The connection to intuitionism (see https://en.wikipedia.org/wiki/Intuitionism) gives this kind of thinking much broader appeal and application. It seems to me we live in a time so dominated by analytical thinking that we completely ignore other useful and effective modes.
Intuitionism in this context just means the proofs have to be constructive. (no proof-by-contradiction, or other half-assed academic hacks)
This may not go over as well as you'd think.
I took Haskell in the same uni course with FSAs, Turing machines, Lambda calculus, natural deduction, Hoare logic and structural induction.
So I was exposed to the "base case & step case" of structural induction at the same time as learning about it in Haskell. And for whatever reason it didn't leave a good impression. Implementing it formally was harder and more error-prone than shooting from the hip in an IDE. What was the point!?
Now I smash out Haskell code daily as the quickest way to end up with little binaries that just-work-if-they-compile. It took me a while to realise that the upside of all this formality/mathiness is that other people did the proofs so that you don't need to.
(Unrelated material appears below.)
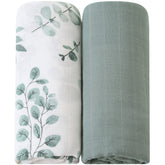 LifeTree muslin swaddle blanket with eucalyptus leaves for cozy, breathable wrap.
I get to take for granted that a boolean is true or false (and not some brilliant third value!) and that (map f . map g) is (map (f . g)).
“A man is rich in proportion to the number of things which he can afford to let alone.” ― Henry David Thoreau, Walden or, Life in the Woods
If I have to do the proof, then as you say, it's probably harder and (in many cases) more error prone than if I didn't use a proof. If the language can do it for me, and I get the lack of errors without having to do the work (and without the chance of me making the mistakes)? Yeah, now we're talking. (Yes, I am aware that I still have to design the types to fit what the program is doing.)
If a tool introduces complexity, it has to make up for it by eliminating at least that much complexity somewhere else. If it doesn't, the tool isn't worth using.
As much as the concept blew me away when I first heard of it, I can't shake the feeling that the Curry-Howard correspondence is somehow mis-marketed as something that would immediately cater to programmers. The idea to encode propositions into types sounds enticing for programmers, because there are indeed a lot of cases where something needs to be conveyed that can't be conveyed using type systems (or other features) of common programming languages.
Examples include the famous "the caller of this function guarantees that the argument is a non-empty list" but also "the caller guarantees that the argument object has been properly locked against concurrent access before using the function".
However, in my experience, the community is more interested in mathematics than in programming and I don't know if anybody is really working to provide propositions-as-types to mainstream programmers. This is certainly because it is hard enough to prove soundness of a strict functional programming language as Agda or Rocq, much more for anything imperative, stateful, "real-world", non-strict, non-pure, concurrent, ill-defined, you name it.
So, for me the promise of "showing programmers that what they do is actually mathematics" is not really kept as long as the definition of "programmer" is so narrow that it excludes the vast majority of people who define themselves as programmers.
What I'm trying to say: I wish there were more efforts to bring more powerful formal methods, especially as powerful as dependent types, to existing mainstream programming languages where they could be useful in an industrial context. Or at least try to come up with new programming languages that are more pragmatic and do not force the programmer into some narrow paradigm.
Am I wrong? I hope so :)
Programmers regularly do this stuff under various names/phrases. "Make illegal states unrepresentable", "parse, don't validate", "resource acquisition is initialization", etc. It's all about encoding the fact that your structure isn't just data, but also represents some proof of provenance that guarantees some property.